Friday, December 03, 2010

Strange Organism?

On December 3rd, the National Aeronautics and Space Administration (NASA) announced that NASA discovered a strange organism. This can grow without phosphorus. General Organisms need phosphorus. Phosphorus is a central component of carrying energy in all cells and it constructs DNA and RNA. So, it had been said that all life need phosphorus. But, this organism can use arsenic instead of phosphorus. Arsenic is deadly poison, so general organisms cannot use it. NASA says like this:
Carbon, hydrogen, nitrogen, oxygen, phosphorus and sulfur are the six basic building blocks of all known forms of life on Earth. Phosphorus is part of the chemical backbone of DNA and RNA, the structures that carry genetic instructions for life, and is considered an essential element for all living cells.

Phosphorus is a central component of the energy-carrying molecule in all cells (adenosine triphosphate) and also the phospholipids that form all cell membranes. Arsenic, which is chemically similar to phosphorus, is poisonous for most life on Earth. Arsenic disrupts metabolic pathways because chemically it behaves similarly to phosphate.

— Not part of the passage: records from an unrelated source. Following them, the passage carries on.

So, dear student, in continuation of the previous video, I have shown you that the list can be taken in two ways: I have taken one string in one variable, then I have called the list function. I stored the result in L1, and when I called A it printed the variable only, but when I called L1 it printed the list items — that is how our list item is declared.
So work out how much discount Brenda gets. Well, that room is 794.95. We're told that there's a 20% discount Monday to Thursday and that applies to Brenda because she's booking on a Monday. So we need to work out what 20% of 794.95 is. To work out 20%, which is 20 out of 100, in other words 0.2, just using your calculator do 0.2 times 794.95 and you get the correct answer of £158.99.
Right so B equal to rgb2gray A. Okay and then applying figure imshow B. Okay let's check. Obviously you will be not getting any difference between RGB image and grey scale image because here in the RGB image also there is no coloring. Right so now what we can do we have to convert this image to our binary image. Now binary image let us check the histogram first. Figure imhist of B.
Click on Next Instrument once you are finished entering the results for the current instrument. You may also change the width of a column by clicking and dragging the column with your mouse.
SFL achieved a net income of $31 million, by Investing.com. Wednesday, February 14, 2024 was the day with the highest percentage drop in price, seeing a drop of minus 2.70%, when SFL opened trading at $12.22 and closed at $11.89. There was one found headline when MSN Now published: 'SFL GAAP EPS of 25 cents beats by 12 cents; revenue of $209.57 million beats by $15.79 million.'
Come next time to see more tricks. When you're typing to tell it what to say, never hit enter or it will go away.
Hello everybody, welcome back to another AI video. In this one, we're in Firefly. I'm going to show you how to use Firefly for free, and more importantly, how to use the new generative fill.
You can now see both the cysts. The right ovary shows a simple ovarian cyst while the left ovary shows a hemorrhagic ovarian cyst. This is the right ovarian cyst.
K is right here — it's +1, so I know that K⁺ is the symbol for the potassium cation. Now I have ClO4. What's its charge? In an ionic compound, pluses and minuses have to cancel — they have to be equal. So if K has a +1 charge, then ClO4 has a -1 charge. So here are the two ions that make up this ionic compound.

"We know that some microbes can breathe arsenic, but what we've found is a microbe doing something new -- building parts of itself out of arsenic," said Felisa Wolfe-Simon, a NASA astrobiology research fellow in residence at the U.S. Geological Survey in Menlo Park, Calif., and the research team's lead scientist. "If something here on Earth can do something so unexpected, what else can life do that we haven't seen yet?
This organism is quite different from others on earth. So, this discovery activate discussions about life out of the earth. And, the beginning of the earth, there is a lot of arsenic. So, this discovery may reveal new facts about the evolution of life.